DIRECTIONS: Omit all pictures. Quote the lines from the one with "dalyvis: kardinaliai pasikeitęs" through the end of the listing below, exactly as they appear.

GIVEN RECORDS:
Segment Open
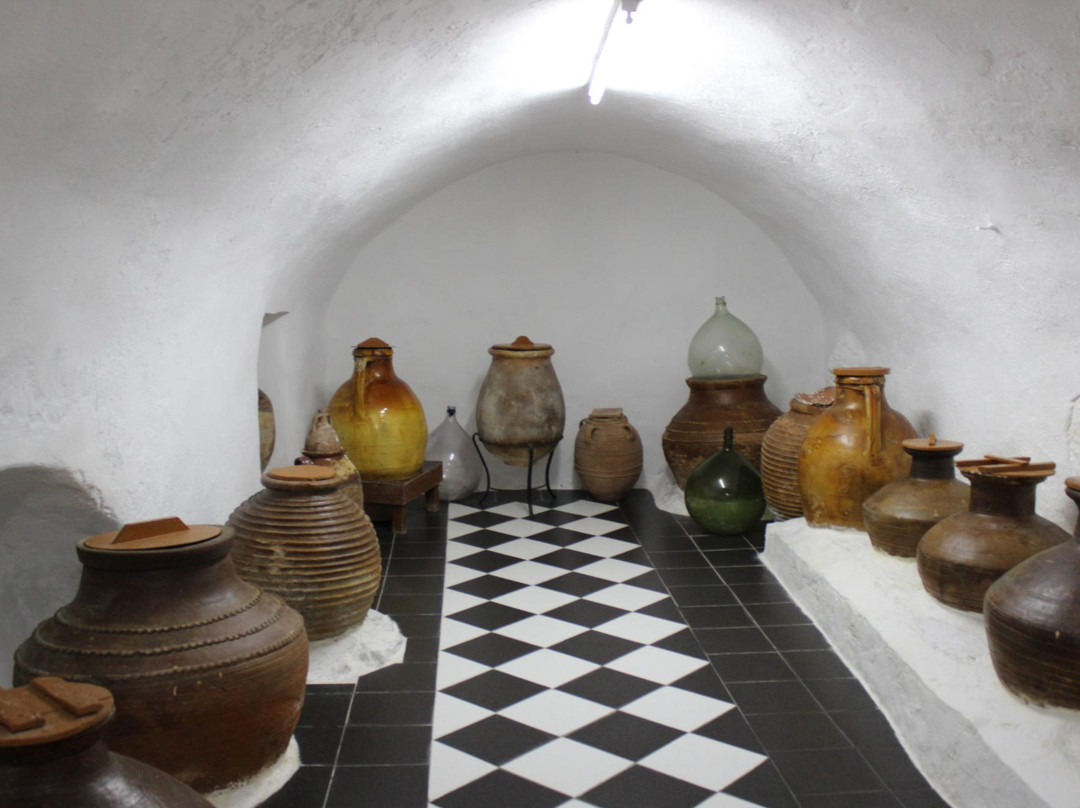 Archaeological & Folklore Museum景点图片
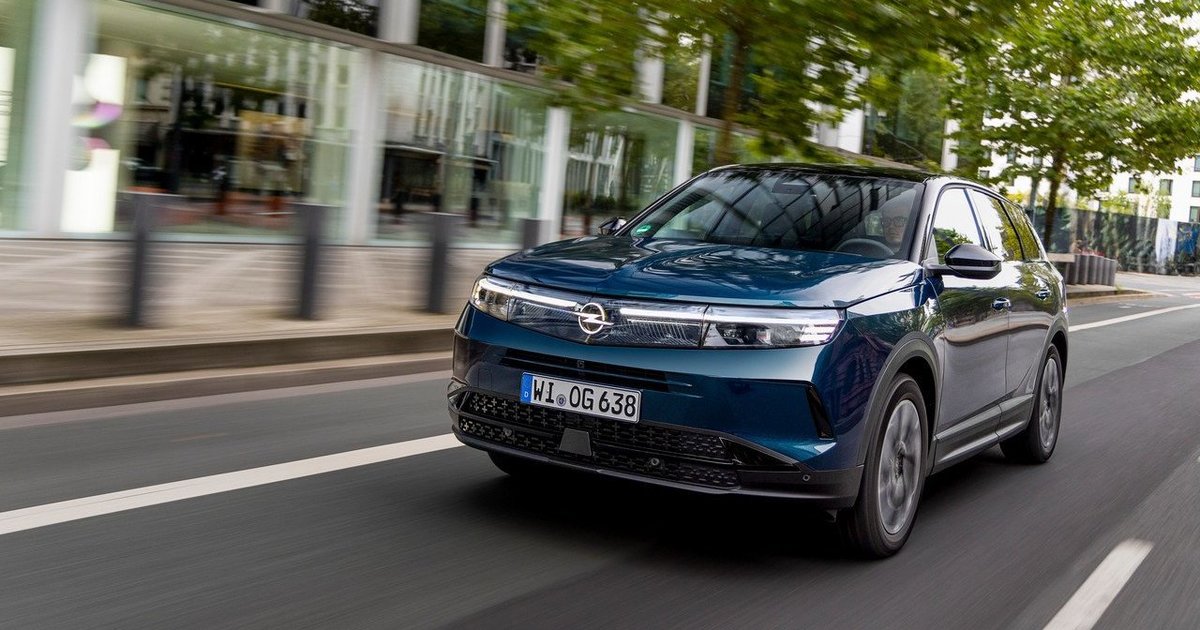 „Lietuvos metų automobilis 2026“ dalyvis: kardinaliai pasikeitęs „Opel Grandland“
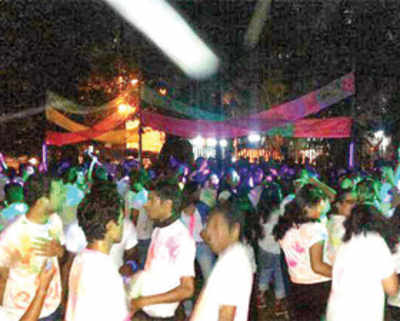 Police play party poopers at KEM freshers’ get-together
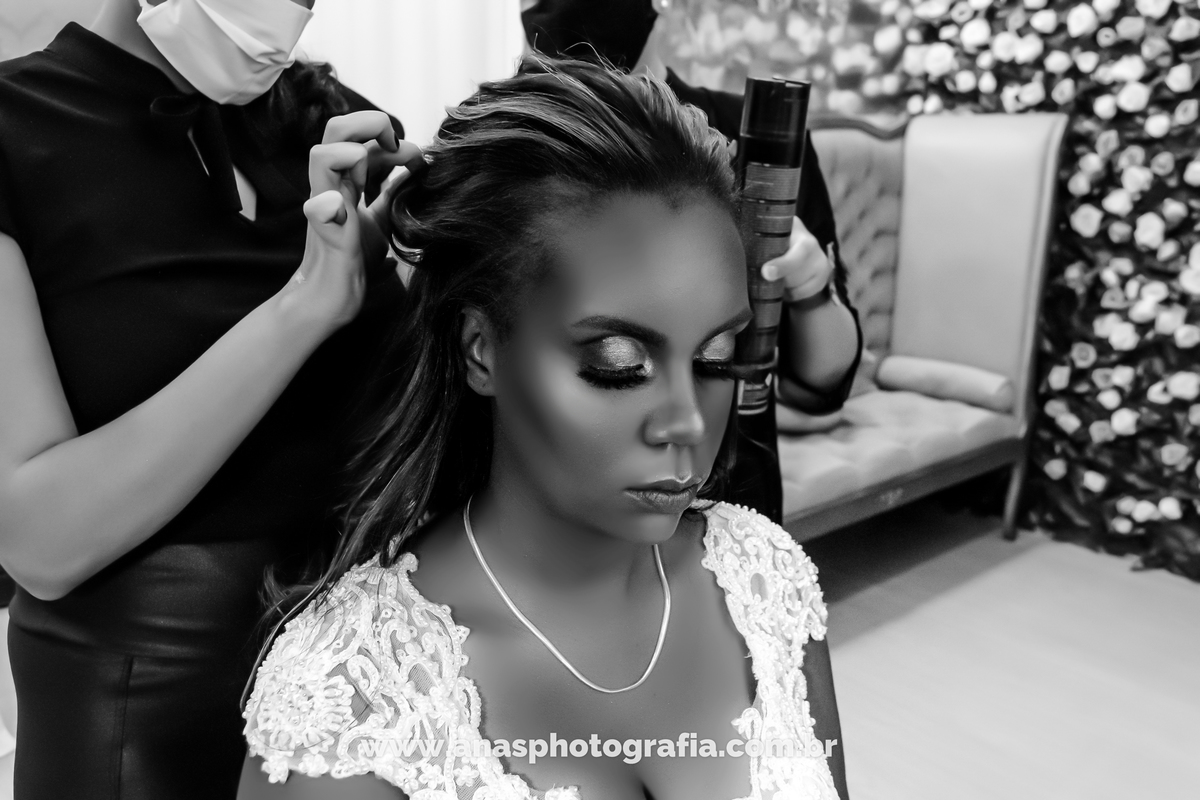 Cobertura Fotográfica de Making of Noiva na Thainá Fernandes Brook Makeup, fotógrafo de casamento, making of noiva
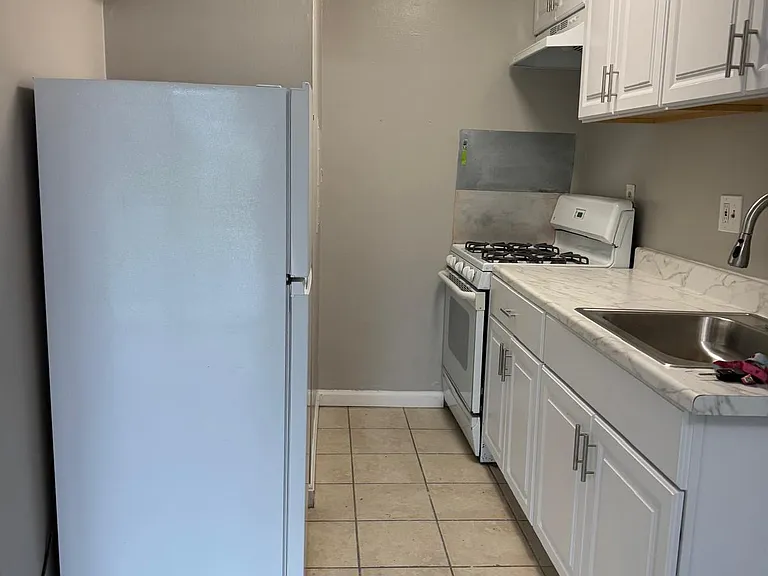 9201 New Hampshire Ave #B3 — Photo 2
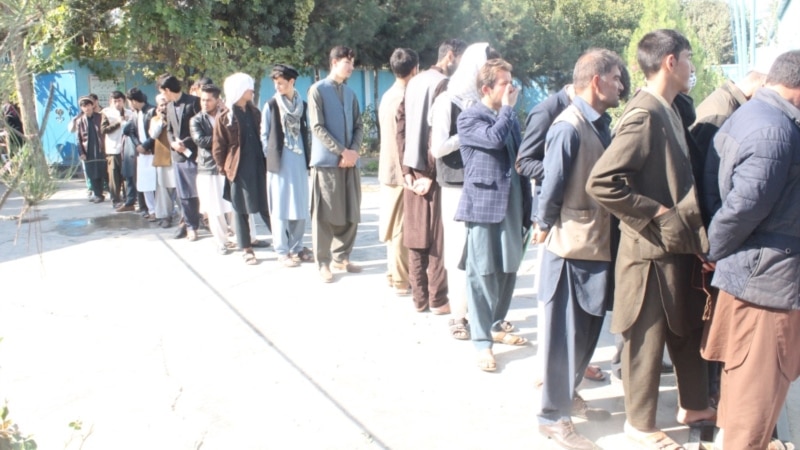 دومین روز انتخابات در افغانستان در میان خشونت و نقص فنی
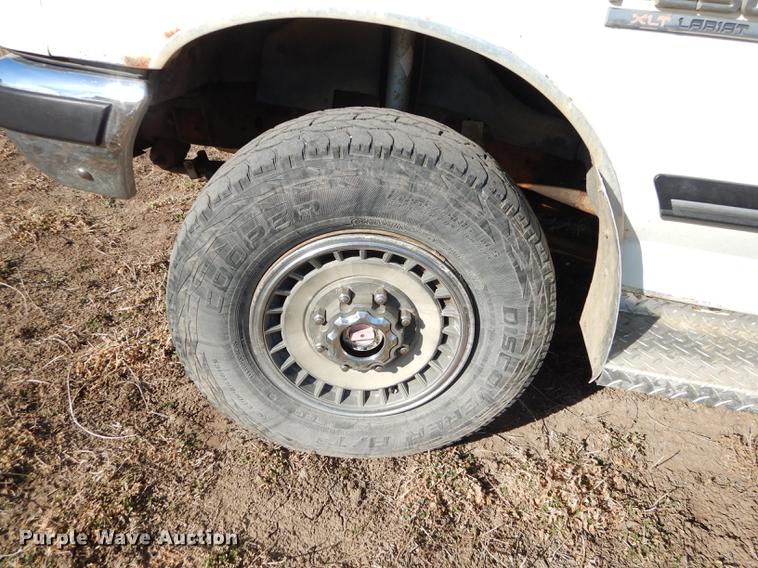 image for item DC0305 1990 Ford F250 XLT Lariat pickup truck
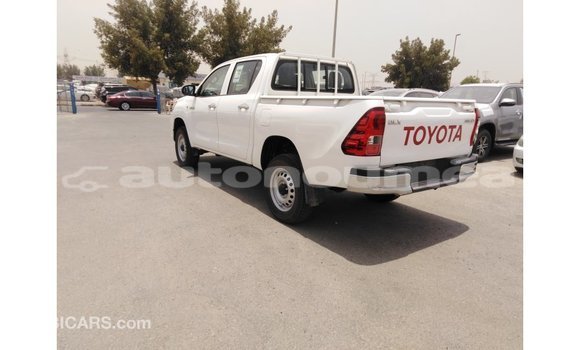 Buy Import Toyota Hilux White Car in Import - Dubai in Iles Buy Import Toyota Hilux White Car in Import - Dubai in Iles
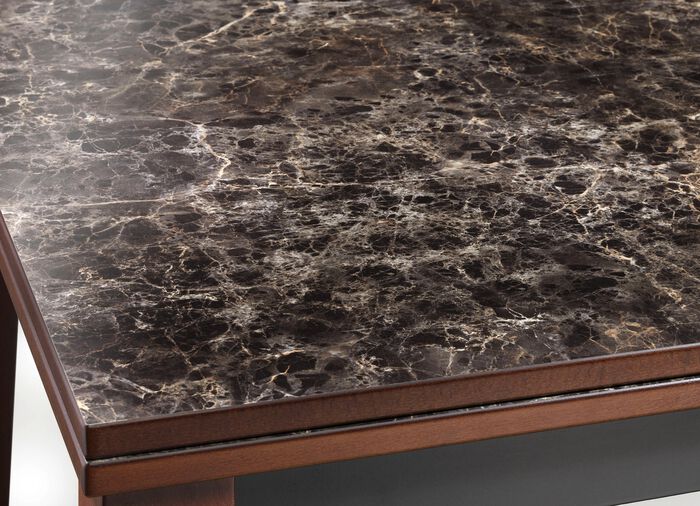 Esstisch mit dekorativer Tischplatte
Segment Closed
ANSWER AREA:
 „Lietuvos metų automobilis 2026“ dalyvis: kardinaliai pasikeitęs „Opel Grandland“
 Police play party poopers at KEM freshers’ get-together
 Cobertura Fotográfica de Making of Noiva na Thainá Fernandes Brook Makeup, fotógrafo de casamento, making of noiva
 9201 New Hampshire Ave #B3 — Photo 2
 دومین روز انتخابات در افغانستان در میان خشونت و نقص فنی
 image for item DC0305 1990 Ford F250 XLT Lariat pickup truck
 Buy Import Toyota Hilux White Car in Import - Dubai in Iles Buy Import Toyota Hilux White Car in Import - Dubai in Iles
 Esstisch mit dekorativer Tischplatte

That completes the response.